For over a century, the meaning of the Confederate battle flag has been the subject of debate in the South. 

As tragedy struck Charleston, S.C., with the killing of nine black churchgoers June 17, a conversation was sparked on what place the flag has in American lives — public and private — today.

Several states have since taken action. South Carolina Gov. Nikki Haley called for the removal of the flag from the state capitol’s grounds. 

Last week, Gov. Pat McCrory reached out to the North Carolina legislature to change the state law that allows North Carolina to issue license plates containing images of the Confederate flag.

“The time is right to change this policy due to the recent Supreme Court ruling and the tragedy in Charleston,” spokesman Josh Ellis said in an emailed statement.

UNC history professor Harry Watson, who studies the antebellum South, said the flag’s history is complex and has taken many different physical designs and symbolic roles. 

After the Civil War, Watson said the flag first directly represented the continuation of a legacy.
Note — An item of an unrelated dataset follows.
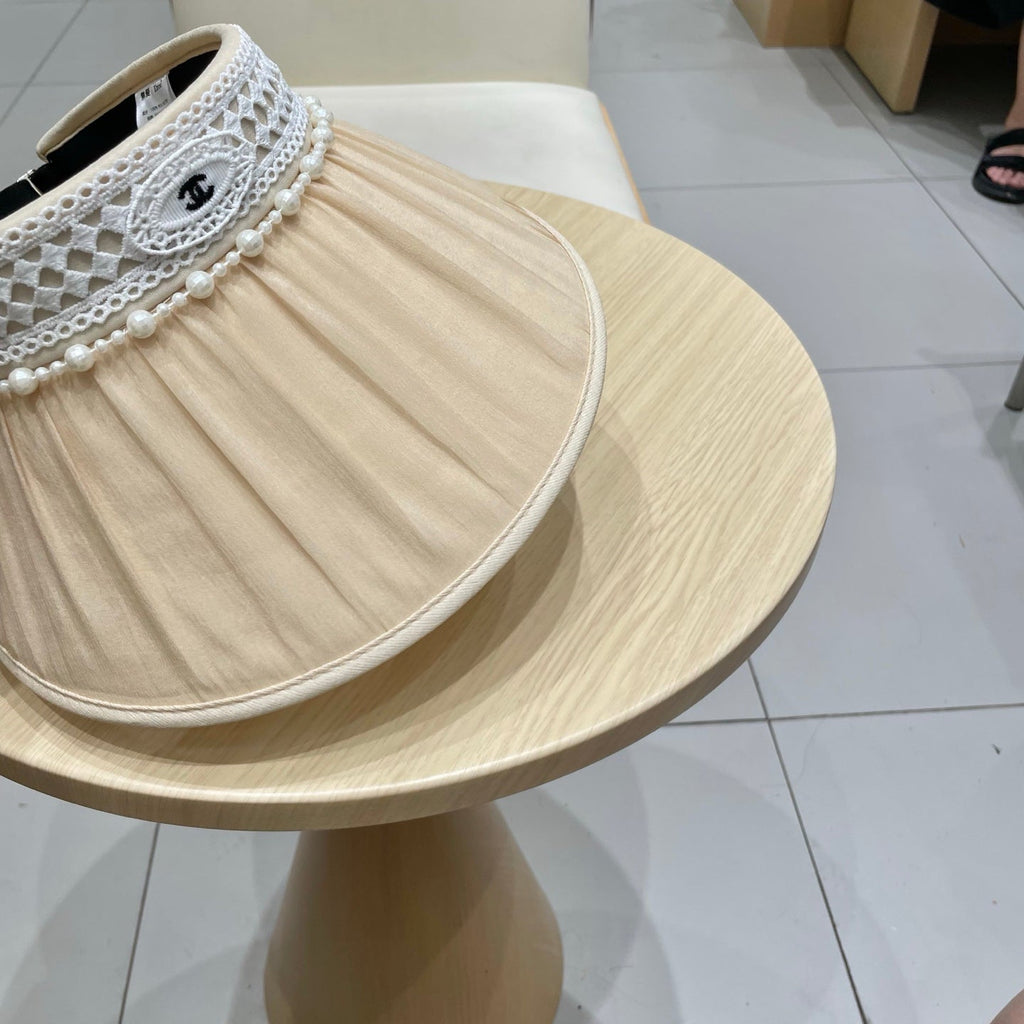 CHANEL SUN HAT MODEM NUDE 674081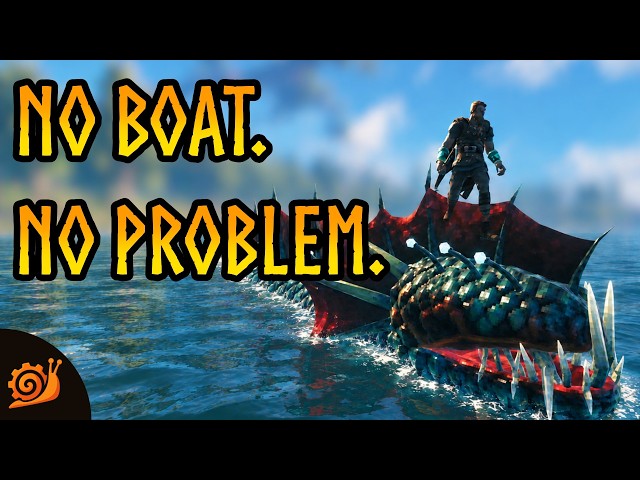 3.5 Snail Approved Combat Tips in Valheim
Organizations were set up to remember the Confederacy as the veteran generation started to die off in the 1890s, he said.

“It was always part of the cultural movement that we call 'the lost cause movement' or 'the cult of the lost cause,'” he said. “That is the generation of the Confederacy — the idea that it was a good and worthy, noble project and it ought to always be remembered in a positive light,” he said. 

However, the flag was eventually linked to other movements, Watson said. During the 1920s, the Ku Klux Klan used the flag in some rituals. Mainly, he said, the organization used the American flag instead.

Later, in the 1940s, Watson said the flag broke from its traditional use again as it became an emblem for Southern universities' football teams. 

In 1948, he said South Carolina Gov. Strom Thurmond created the Dixiecrat movement that started campaigning against the desegregation of Democrat Harry Truman’s agenda. 

“The Dixiecrat party didn’t go anywhere after 1948, but that of course introduced the flag into politics again, and it became an emblem of resistance to the civil rights movement,” he said.

Jerma Jackson, another UNC history professor who focuses on African-American history in the U.S., said this resurrection was the beginning of the flag's racist roots for black Americans.

“When Jim Crowe was about to get toppled in the '50s and increasingly in the '60s, this flag rears its head again,” Jackson said. “For African-Americans, it symbolizes a kind of white supremacy.”

Jackson said the actions being taken by states to separate institutions with the Confederate flag change some things — but not everything. She said the struggle of white supremacy and racism in the country is a constant process.

“It’s just this dance," she said. “Two steps forward, one step back. Two steps back, one step forward. That dance is uneven and continuing.”

Watson said some may genuinely associate the flag with pride for Southern heritage. 

"A lot of white Americans my age and older grew up sincerely believing that the South had a glorious cause," he said. "They’re not quite sure what it was, but it deserves to be remembered. They may sincerely believe that the Confederate flag stands for all of that and has no racial meaning whatsoever."

Watson said, however, that as a professional historian, he does not think the regional pride associated with the flag is a construction that can be separated from racism.

“The notion that the Confederate flag doesn’t carry racial baggage with it is tied to a deliberately distorted memory of the Civil War and what the Confederacy was all about,” Watson said.

“I don’t believe in distorted history.”